I wish to map an integer 1D tensor values for each batch, so it should be pretty fast. The mapping is from the tensor unique values to 0:(n_unique - 1).
If it were numpy, I could do something like this:
x = np.array([1,2,4,4])
rep = dict(enumerate(np.unique(x)))
rep_inv = dict(zip(rep.values(), rep.keys()))
x_map = np.vectorize(rep_inv.get)(x)
x_map
array([0, 1, 2, 2])
I found this solution for tensorflow, which works a single time:
x = tf.constant([1,2,4,4], dtype = tf.int64)
def get_table(x):
x_unique, _ = tf.unique(x)
x_mapto = tf.range(tf.shape(x_unique)[0], dtype=tf.int64)
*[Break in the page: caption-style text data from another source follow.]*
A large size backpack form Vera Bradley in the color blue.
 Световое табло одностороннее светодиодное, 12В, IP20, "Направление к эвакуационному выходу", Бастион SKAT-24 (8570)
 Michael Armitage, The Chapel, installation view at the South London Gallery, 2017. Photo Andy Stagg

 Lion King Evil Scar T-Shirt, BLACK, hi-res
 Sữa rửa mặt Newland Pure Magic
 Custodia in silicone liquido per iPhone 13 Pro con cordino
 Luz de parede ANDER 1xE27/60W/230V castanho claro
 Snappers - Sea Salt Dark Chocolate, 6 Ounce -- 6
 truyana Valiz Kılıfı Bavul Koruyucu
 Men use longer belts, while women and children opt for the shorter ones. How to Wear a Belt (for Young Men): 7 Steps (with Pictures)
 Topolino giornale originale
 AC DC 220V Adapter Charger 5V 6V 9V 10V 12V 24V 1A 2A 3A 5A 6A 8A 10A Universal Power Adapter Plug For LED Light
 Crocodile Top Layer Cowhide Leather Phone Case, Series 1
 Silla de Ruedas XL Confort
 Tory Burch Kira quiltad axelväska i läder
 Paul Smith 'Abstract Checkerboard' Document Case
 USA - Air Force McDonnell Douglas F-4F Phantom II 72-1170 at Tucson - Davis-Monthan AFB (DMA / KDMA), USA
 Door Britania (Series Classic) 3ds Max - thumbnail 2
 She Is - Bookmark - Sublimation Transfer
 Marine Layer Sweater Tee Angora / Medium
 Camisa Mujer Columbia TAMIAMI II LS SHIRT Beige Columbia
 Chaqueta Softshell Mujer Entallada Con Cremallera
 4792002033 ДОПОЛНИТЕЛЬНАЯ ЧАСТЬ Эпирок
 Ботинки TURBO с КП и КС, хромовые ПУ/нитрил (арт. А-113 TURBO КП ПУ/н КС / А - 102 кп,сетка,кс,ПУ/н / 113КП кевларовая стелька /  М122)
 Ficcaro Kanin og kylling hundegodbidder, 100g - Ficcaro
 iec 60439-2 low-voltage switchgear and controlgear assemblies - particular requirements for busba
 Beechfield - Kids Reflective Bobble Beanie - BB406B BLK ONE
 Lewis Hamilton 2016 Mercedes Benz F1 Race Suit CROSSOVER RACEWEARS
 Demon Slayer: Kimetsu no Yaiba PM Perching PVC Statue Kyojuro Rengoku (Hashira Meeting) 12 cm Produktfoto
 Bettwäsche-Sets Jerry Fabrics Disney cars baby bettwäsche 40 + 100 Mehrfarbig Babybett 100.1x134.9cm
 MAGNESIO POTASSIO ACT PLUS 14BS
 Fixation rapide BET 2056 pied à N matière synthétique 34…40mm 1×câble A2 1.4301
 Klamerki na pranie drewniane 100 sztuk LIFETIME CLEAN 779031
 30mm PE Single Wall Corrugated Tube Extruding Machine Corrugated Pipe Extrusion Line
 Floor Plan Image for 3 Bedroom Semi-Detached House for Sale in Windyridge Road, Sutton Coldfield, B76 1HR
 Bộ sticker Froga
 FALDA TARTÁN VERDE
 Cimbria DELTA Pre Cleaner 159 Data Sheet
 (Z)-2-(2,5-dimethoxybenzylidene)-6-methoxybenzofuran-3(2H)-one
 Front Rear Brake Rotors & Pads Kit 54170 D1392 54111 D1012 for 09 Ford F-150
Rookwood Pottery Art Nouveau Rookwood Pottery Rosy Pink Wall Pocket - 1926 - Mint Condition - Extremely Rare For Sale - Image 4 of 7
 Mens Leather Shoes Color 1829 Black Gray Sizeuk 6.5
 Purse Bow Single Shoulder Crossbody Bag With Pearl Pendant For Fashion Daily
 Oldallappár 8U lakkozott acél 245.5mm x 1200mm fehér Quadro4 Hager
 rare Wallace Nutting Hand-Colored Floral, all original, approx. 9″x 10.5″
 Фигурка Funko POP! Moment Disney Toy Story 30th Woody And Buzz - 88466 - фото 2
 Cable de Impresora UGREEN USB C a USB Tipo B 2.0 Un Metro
table = tf.lookup.StaticVocabularyTable(
tf.lookup.KeyValueTensorInitializer(
x_unique,
x_mapto,
key_dtype=tf.int64,
value_dtype=tf.int64,
),
num_oov_buckets=1,
)
return table
table = get_table(x)
x_map = table.lookup(x)
x_map
<tf.Tensor: shape=(4,), dtype=int64, numpy=array([0, 1, 2, 2], dtype=int64)>
But comes the second batch and I get an error:
OP_REQUIRES failed at lookup_table_op.cc:964 : Failed precondition: Table was already initialized with different data.
Is there a way to bypass this (bug?), solve this or use a whole different approach to achieve what is required? (using TF 2.4.0)